**How to complete this task**
Filter the entries beneath this task, copying only the lines that hold the word "principais".

------------------------------------------------

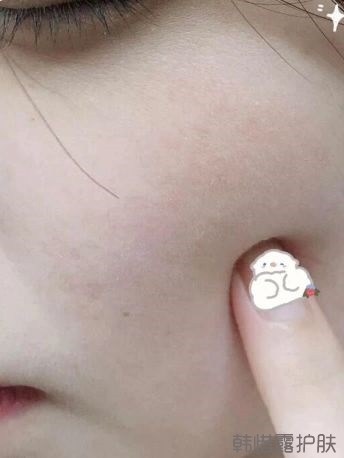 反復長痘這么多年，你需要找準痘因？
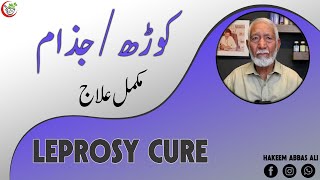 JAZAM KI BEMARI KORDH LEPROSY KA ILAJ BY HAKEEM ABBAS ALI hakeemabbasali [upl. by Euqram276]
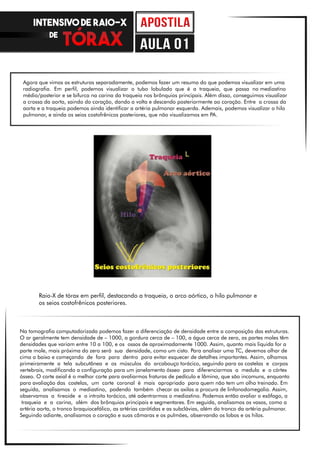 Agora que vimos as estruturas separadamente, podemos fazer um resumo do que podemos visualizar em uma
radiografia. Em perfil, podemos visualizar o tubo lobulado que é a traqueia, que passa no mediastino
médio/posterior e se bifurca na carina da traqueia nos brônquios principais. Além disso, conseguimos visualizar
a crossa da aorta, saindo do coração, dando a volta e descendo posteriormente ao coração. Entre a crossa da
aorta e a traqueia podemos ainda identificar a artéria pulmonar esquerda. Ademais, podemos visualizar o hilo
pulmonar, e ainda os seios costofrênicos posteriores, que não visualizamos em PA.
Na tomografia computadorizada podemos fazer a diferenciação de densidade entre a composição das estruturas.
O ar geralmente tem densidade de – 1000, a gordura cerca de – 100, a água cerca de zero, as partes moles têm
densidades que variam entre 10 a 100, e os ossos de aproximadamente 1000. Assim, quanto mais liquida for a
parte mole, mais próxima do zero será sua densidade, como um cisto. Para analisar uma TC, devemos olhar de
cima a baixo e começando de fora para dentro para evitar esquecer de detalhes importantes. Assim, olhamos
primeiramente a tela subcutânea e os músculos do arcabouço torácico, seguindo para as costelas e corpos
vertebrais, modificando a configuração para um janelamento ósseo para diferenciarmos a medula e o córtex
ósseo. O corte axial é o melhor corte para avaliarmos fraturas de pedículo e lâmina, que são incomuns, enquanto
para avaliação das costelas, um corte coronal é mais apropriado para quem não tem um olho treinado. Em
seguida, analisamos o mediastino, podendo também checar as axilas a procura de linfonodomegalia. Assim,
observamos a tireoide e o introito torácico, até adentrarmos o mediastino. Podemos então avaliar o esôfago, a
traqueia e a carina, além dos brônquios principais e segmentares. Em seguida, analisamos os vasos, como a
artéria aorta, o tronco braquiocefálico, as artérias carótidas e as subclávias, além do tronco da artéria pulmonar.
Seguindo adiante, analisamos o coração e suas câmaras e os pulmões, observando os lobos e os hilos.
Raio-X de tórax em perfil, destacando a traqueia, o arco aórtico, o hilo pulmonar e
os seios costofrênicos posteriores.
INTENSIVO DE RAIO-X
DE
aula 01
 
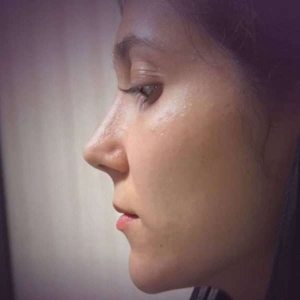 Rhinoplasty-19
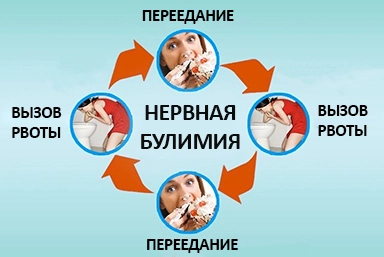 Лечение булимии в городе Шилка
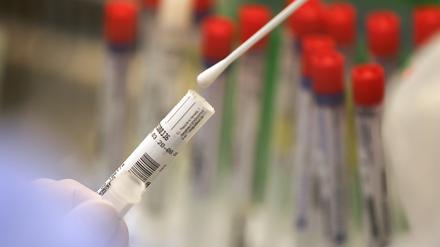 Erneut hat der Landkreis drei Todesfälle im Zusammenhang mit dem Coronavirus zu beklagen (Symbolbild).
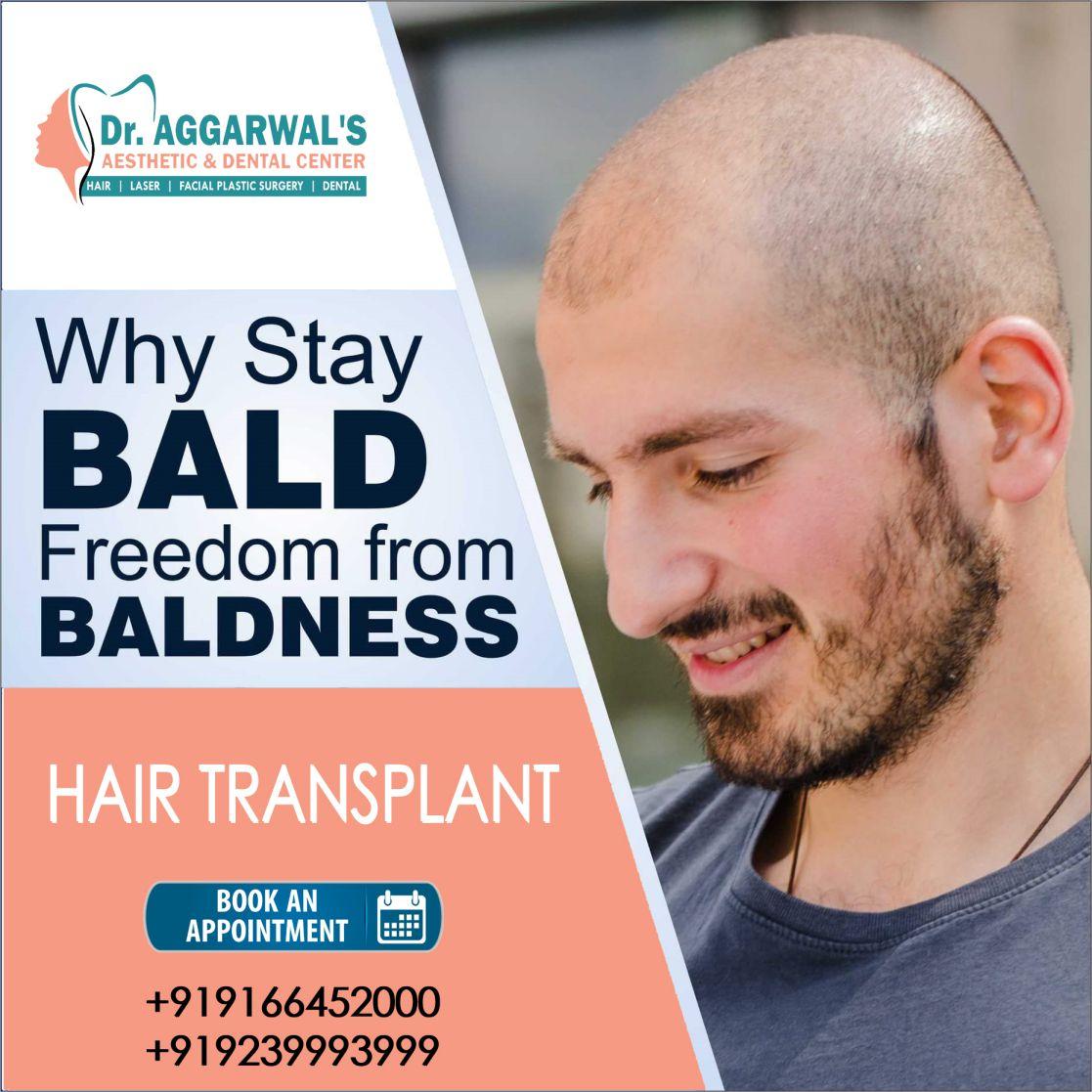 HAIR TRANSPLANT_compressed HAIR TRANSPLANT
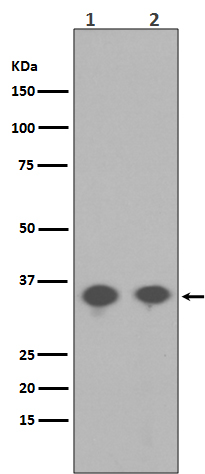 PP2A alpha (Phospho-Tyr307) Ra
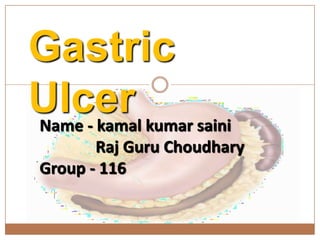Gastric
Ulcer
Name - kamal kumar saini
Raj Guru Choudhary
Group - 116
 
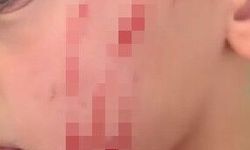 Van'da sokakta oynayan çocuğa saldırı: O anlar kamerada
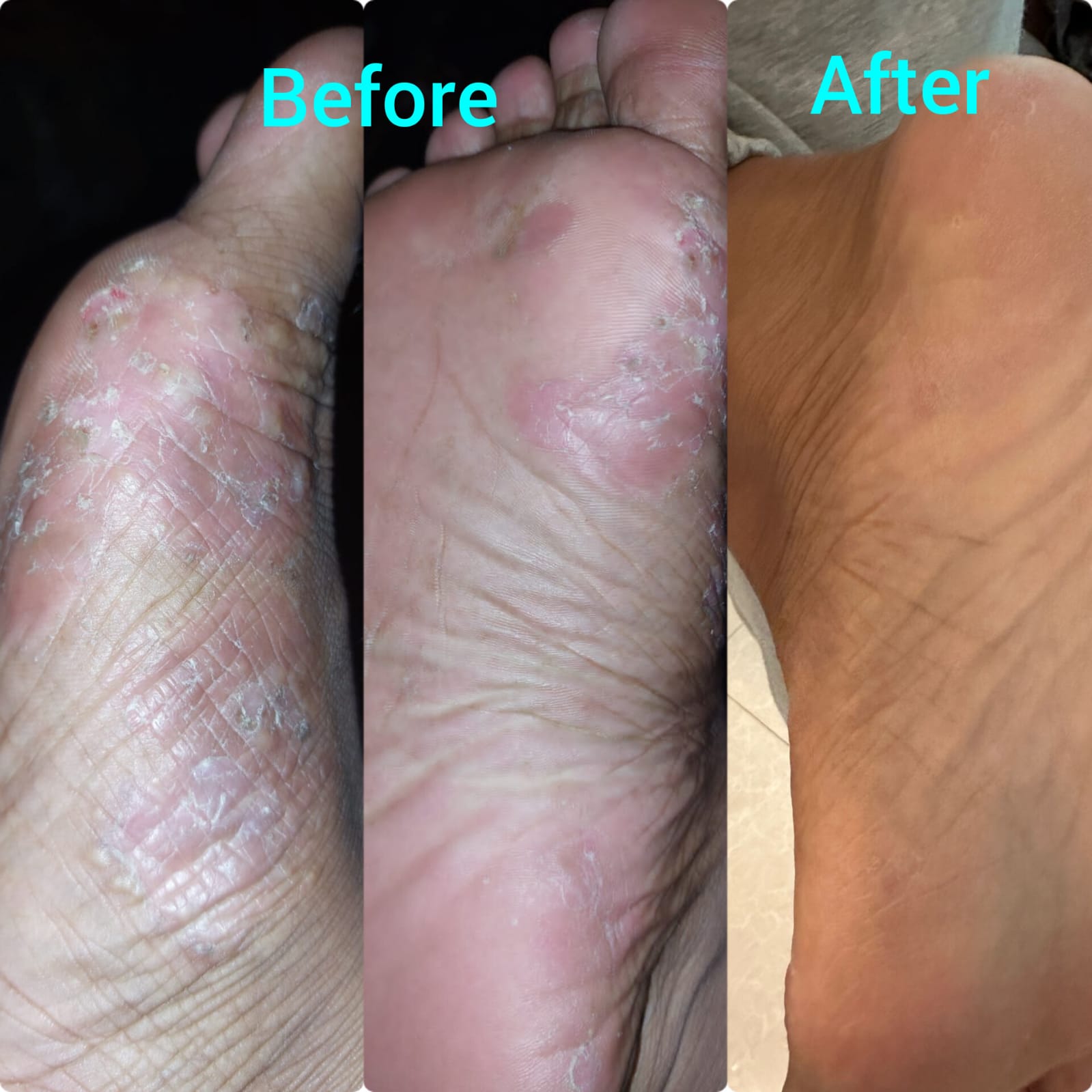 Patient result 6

------------------------------------------------

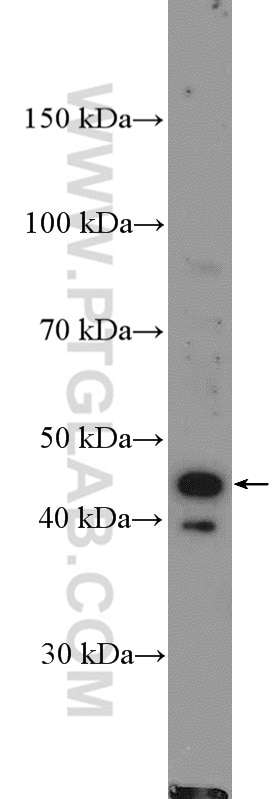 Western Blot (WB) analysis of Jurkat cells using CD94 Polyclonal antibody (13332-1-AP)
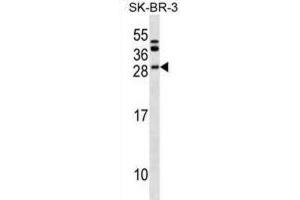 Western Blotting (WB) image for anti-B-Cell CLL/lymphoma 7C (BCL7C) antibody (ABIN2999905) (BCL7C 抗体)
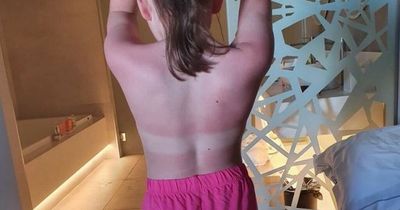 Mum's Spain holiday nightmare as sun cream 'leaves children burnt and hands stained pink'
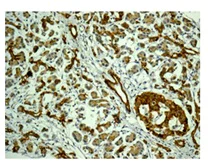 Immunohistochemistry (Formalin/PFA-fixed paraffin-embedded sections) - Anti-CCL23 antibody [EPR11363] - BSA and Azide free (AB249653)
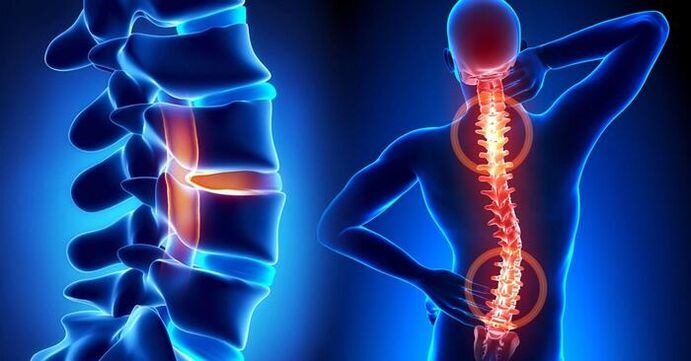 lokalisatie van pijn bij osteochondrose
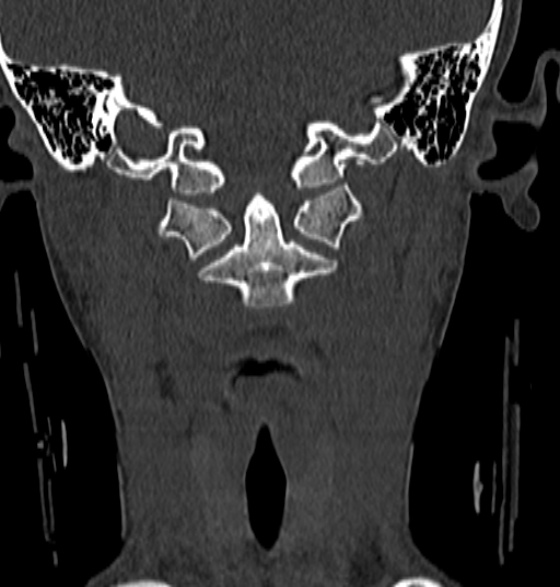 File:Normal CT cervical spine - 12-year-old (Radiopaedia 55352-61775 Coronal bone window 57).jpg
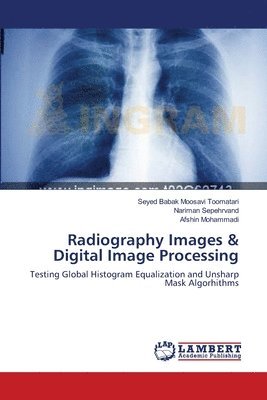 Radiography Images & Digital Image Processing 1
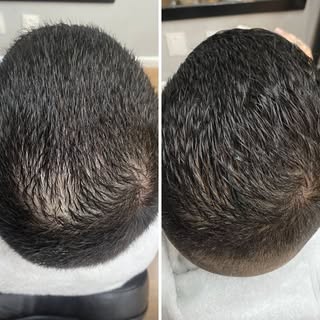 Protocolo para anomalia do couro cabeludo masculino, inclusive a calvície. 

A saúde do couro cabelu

------------------------------------------------

**Response to this exercise**
médio/posterior e se bifurca na carina da traqueia nos brônquios principais. Além disso, conseguimos visualizar
traqueia e a carina, além dos brônquios principais e segmentares. Em seguida, analisamos os vasos, como a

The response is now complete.